For each paper with an author from my institution, which of that paper's authors are from my institution?

Asked on the OpenAlex Community group:

Is there a way to find out which authors on a paper are from my institution? I downloaded a list of DOI’s from the website, and thought naively that I could look up the index of my institution (by ‘author_institution_ids’ or by ‘author_institution_names’) and then match that index to the list of authors. But soon found out that those indices don’t match because any author can have list multiple affiliations. Any ideas?

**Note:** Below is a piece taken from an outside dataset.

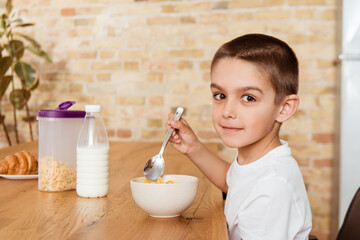 Side view of boy looking at camera while eating cereals in kitchen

https://groups.google.com/g/openalex-community/c/T0OjBFXSIUg

I recently learned about https://semopenalex.org, which maps openalex data to RDF and thereby facililates graph-oriented queries using SPARQL.

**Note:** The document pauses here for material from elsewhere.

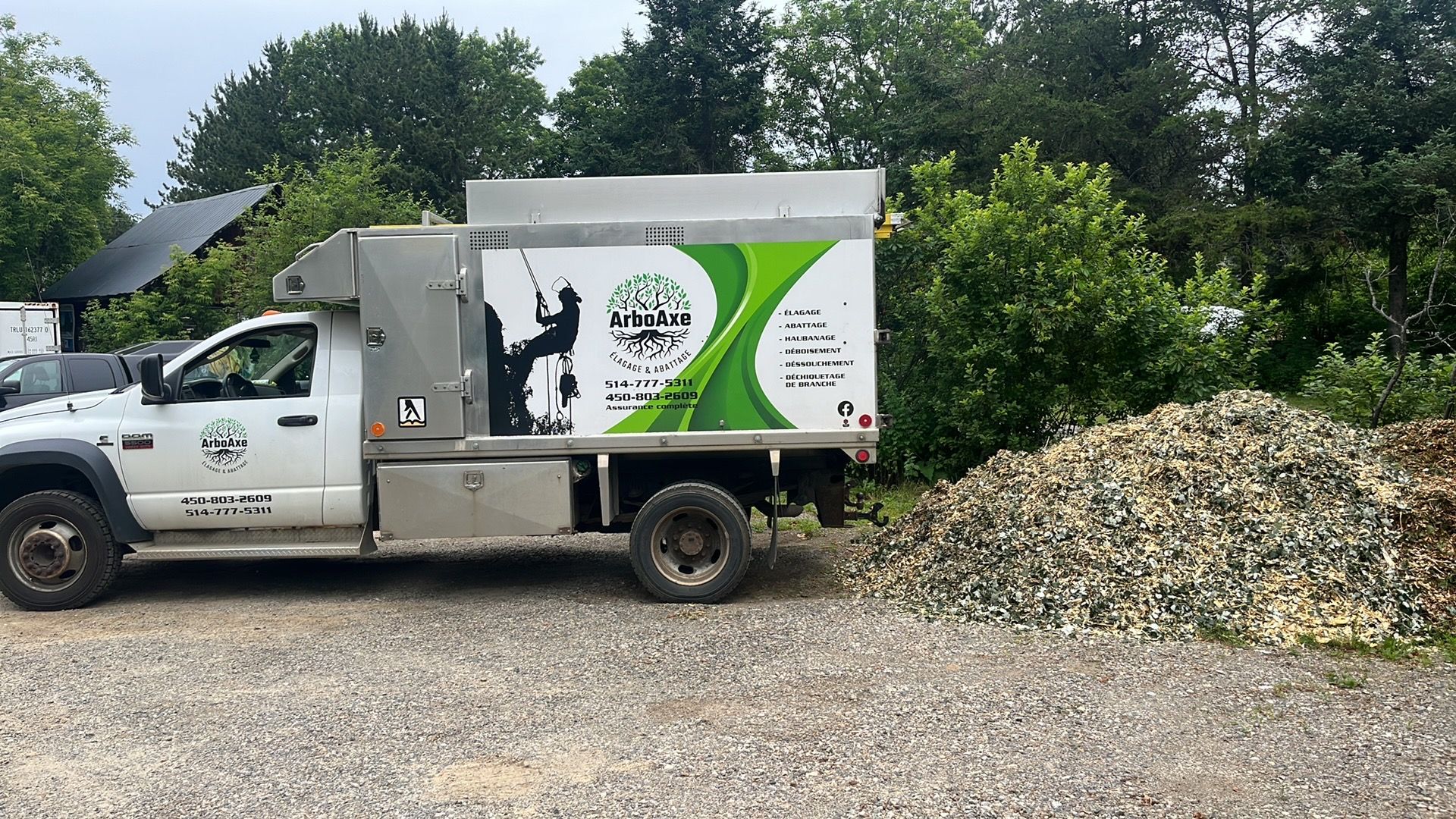 Camion d'élagage ArboAxe près d'un tas de copeaux.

Wanting to take the questioner’s institution as my constraining example, I determined via a search of their name that “Vrije Universiteit Amsterdam” was their institution.

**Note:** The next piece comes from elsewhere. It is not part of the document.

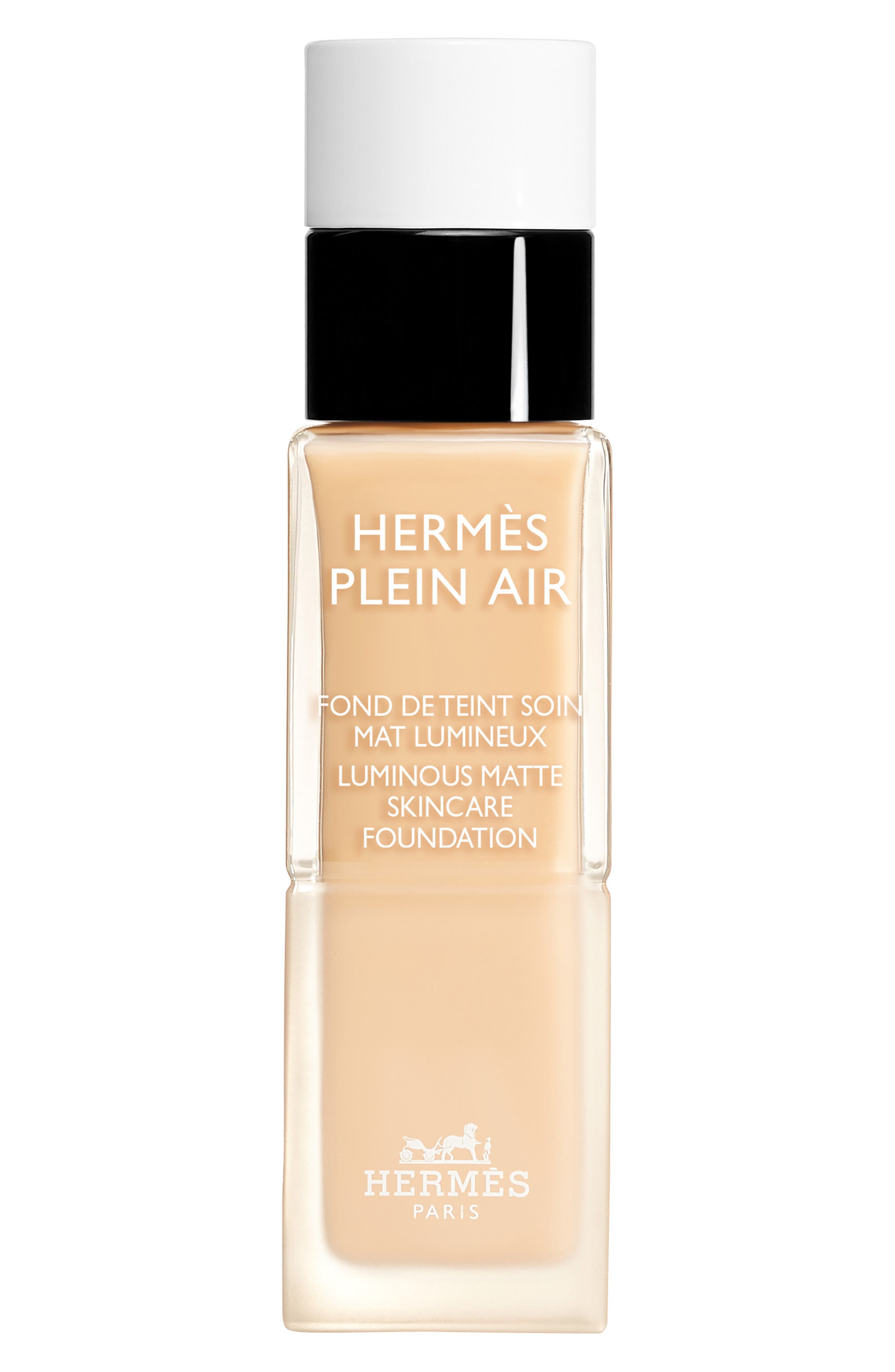 Hermès Plein Air Luminous Matte Skincare Foundation bottle on white background — Hermès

Via the SemOpenAlex ontology explorer, I saw that <https://semopenalex.org/ontology/Institution> is the URI designating the class of institutions.

Via their SPARQL interface, I asked for any institution, so that I could see how names were expressed.

PREFIX soa: <https://semopenalex.org/ontology/>

SELECT ?inst WHERE {
  ?inst a soa:Institution .
} LIMIT 1

Got one, <https://semopenalex.org/institution/I28290843>. What triples (subject, predicate, object) is this the subject of?

SELECT ?p ?o WHERE {
  <https://semopenalex.org/institution/I28290843> ?p ?o .
}

Scrolling through a results table of 30 rows, I see “University of Surrey” as an object for the predicate <http://xmlns.com/foaf/0.1/name>, i.e. the name term from the fried-of-a-friend (FOAF) vocabulary. Okay, so that’s the predicate SemOpenAlex uses to connect an institution to a name. Now, let’s find “Vrije Universiteit Amsterdam”. Because there may not be an exact match, I’ll ask for institutions with names containing “Amsterdam”:

PREFIX foaf: <http://xmlns.com/foaf/0.1/>
PREFIX soa: <https://semopenalex.org/ontology/>

SELECT ?inst ?instName WHERE {
  ?inst a soa:Institution .
  ?inst foaf:name ?instName .
  FILTER(contains(?instName, "Amsterdam"))
}

Okay, I see that inst <https://semopenalex.org/institution/I865915315> has instName “Vrije Universiteit Amsterdam”, and none of the other results appear to be a duplicate of this. I’ve found the institution’s URI. I’ll confirm that I get a single result from the following:

PREFIX foaf: <http://xmlns.com/foaf/0.1/>
PREFIX soa: <https://semopenalex.org/ontology/>

SELECT ?inst ?instName WHERE {
  ?inst a soa:Institution .
  ?inst foaf:name ?instName .
  FILTER(?instName = "Vrije Universiteit Amsterdam")
}

I do. Great. Going back to the ontology explorer, I can see how the model connects institutions, authors, and works:

screenshot of model diagram
screenshot of model diagram

I see that SemOpenAlex records a Work as having any number of Authors as creators (via <http://purl.org/dc/terms/creator>). I also note that an Author is recorded as being a member of (<http://www.w3.org/ns/org#memberOf>) any number of Institutions.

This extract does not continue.